Она не переставала дивиться, что он сделался таким разговорчивым. Пока наконец не открыла природу этой разговорчивости — алкоголическую. И ей сразу же захотелось навести в квартире порядок, хотя бы вытереть пыль, но она побоялась, как бы он не подумал, что она снова ему навязывается или хочет намекнуть, что его жена- де плохо следит за домом. Зато продотрядничает где-то, хотя время талонов, слава те, господи, миновало... неужели у них с деньгами так плохо?

Сынишка, правда, не выглядел оголодавшим, разве что для десяти лет ненор­мально одухотворенным, огромные светлые глаза то и дело подводил под верхние веки, а папочка считает, что повышенная детская духовность чаще ведет в психиатричку, чем к Господу. И акварели его покоробленные отдавали прямо-таки Чюрленисом — какие-то неясные глазастые фигуры, помеси животных с деревьями. Нет, это, скорее, Одилон Редон.

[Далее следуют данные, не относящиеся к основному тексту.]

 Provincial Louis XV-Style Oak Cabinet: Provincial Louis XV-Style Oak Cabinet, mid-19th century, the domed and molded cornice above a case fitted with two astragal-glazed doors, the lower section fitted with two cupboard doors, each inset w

И она от души порадовалась, что их Димка в сравнении с этим вундеркиндом, хоть они и ровесники, настоящий веселый дурачок.

Лаэрт демонстрировал достижения сына как бы снисходительно, но нотки гордости то и дело прорывались.

  Никита ведь еще у нас идет по стопам Тургенева и Бодлера, сочиняет стихотворения в прозе. Ну-ка, Никитушка, изобрази. Самое последнее.

Никита возвел свои иконописные очи горе и печально продекламировал:

   Я изобрел весы для взвешивания вздохов. Но мой вздох оказался таким тяжелым, что весы сломались.

Она похолодела. Гениально, сказала она, но это прозвучало словно «какой ужас.»

Лаэрт, однако, воспринял сдавленный комплимент как нечто само собой разумеющееся, Никита тоже.

А потом, отправив Никиту спать, он вдруг взял ноту такой искренности, что прервать его было невозможно. Заметно полиняв по части красоты, он научился околдовывать по-новому. Не надменная замкнутость, но непривычная для нашего мира откровенность сделалась его новым орудием обольщения. Он и этому научился у папочки, так же честно признался он впоследствии.

 

Ты даже не можешь представить, каково это — иметь отца, которого презираешь. Мне долго казалось, что он о властях говорит с усмешечкой, оттого что он умнее всех, а однажды меня озарило: да ведь он лакей! Это же их манера — прислуживать, а за спиной глумиться. Не смеешь сказать в лицо, так не шепчи и за спиной. Или уж говори с болью, с гневом! Мне отец Павел потом объяснил, что свободные люди не испытывают ненависти к власти, потому что не помнят о ее существовании, а моему папане как про нее забыть, он же всю жизнь писал по ее заказу, про шашни церкви с государством. И я наконец взялся за главный его талмуд, что же он там, думаю, понаписал, такой умный, до этого я считал, что мы, артисты, выше этого. И вижу, свои чаевые он не зря получал, эрудиция обалденная, но без конца рождает одну и ту же мышь. Если церковь уступает государству — это угодливость, если не уступает — властолюбие. Если церковь стяжает богатства — эксплуатирует трудящихся. Если раздает — подкупает. Если какой-то святитель строг — фанатик, уступчив — приспо­собленец.